Data Connection Requirements and Best Practices
Whether you host your own file storage location for data connection jobs or use a location hosted by LiveRamp Clean Room, get up and running faster by keeping these guidelines in mind when configuring and managing your data connections.
Generating File Storage Credentials
If LiveRamp Clean Room hosts your file drop location, you can generate credentials within the LiveRamp Clean Room UI by selecting Clean Room → Data Source Locations from the LiveRamp Clean Room navigation menu.
Supported File Types and Sizes
For file-based data connections, LiveRamp Clean Room supports CSV and Parquet files, as well as multi-part files.
Note
When creating a csv file, we recommend that you use Google Sheets to create the file raher than Excel.
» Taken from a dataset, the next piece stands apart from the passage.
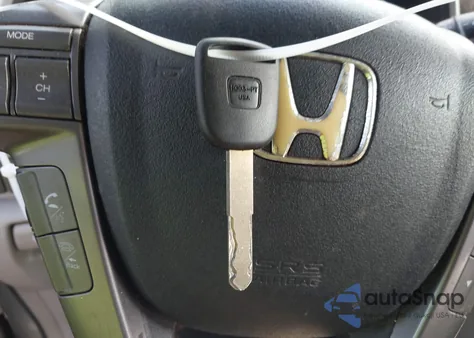 2009 Honda Pilot Touring from USA, damaged, VIN 5FNYF38989B017715
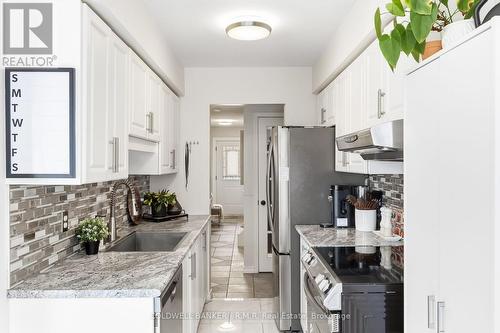 12 - 811 Wilson Road N, Oshawa (Pinecrest), ON - Indoor Photo Showing Kitchen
When Excel converts the file to .csv, it purposely adds in "ghost characters" or a BOM (byte order mark), which will cause an error during the data connection process.
Parquet files and CSV files for cloud-based data connections should not be larger than 500 MB.
Files for CSV uploads should not be larger than 50 MB.
For datasets that will be used in Clean Compute questions, do not include more than 500 columns.
Use UTF-8 Character Encoding
To ensure the greatest match rate between collaborator datasets, we recommend using UTF-8 character encoding (including before hashing identifiers).
Date Formatting
The folder where the data files are dropped. We recommend that you use hive-style date formatting in the folder path: "date=yyyy-MM-dd".
Identifiers
Each row in a file or table in a data connection job must contain identifiers. LiveRamp Clean Room supports multiple identifier types, including the identifiers listed below:
PII (personally-identifiable information, such as name, address, phone, and email)
Mobile device IDs (MAID)
Custom IDs (CIDs)
For information on identifier formatting, see "Formatting Identifiers".
Most datasets should include a field for a CID (a unique customer identifier you leverage for deduping individuals across your datasets):
For PII-based universe datasets, we recommend that plaintext CIDs (not hashed) be sent (if you must hash the CIDs, we ask that you use MD5 hashing for interoperability).
For all other datasets (including universe datasets based on online identifiers), CIDs can be plaintext or hashed with any of our allowed hashing types (SHA-256, MD5, or SHA-1), but should be formatted consistently across datasets.
Note
Hashing Identifiers: It is best practice to select a hashing algorithm that matches the NIST standard and results in a final hash value that uses lowercase characters. For more information on hashing identifiers, see "Hashing Identifiers".
If your file or table does not include an identifier field, add a new field and insert a random ID for every record. This pseudo field must be mapped as the user identifier during the data setup.
Keep Schemas Consistent
All data files in a data connection job must have the same schema in order to be processed successfully. If you have multiple types of schemas, create a new data connection for each one. The order of the columns should match the schema.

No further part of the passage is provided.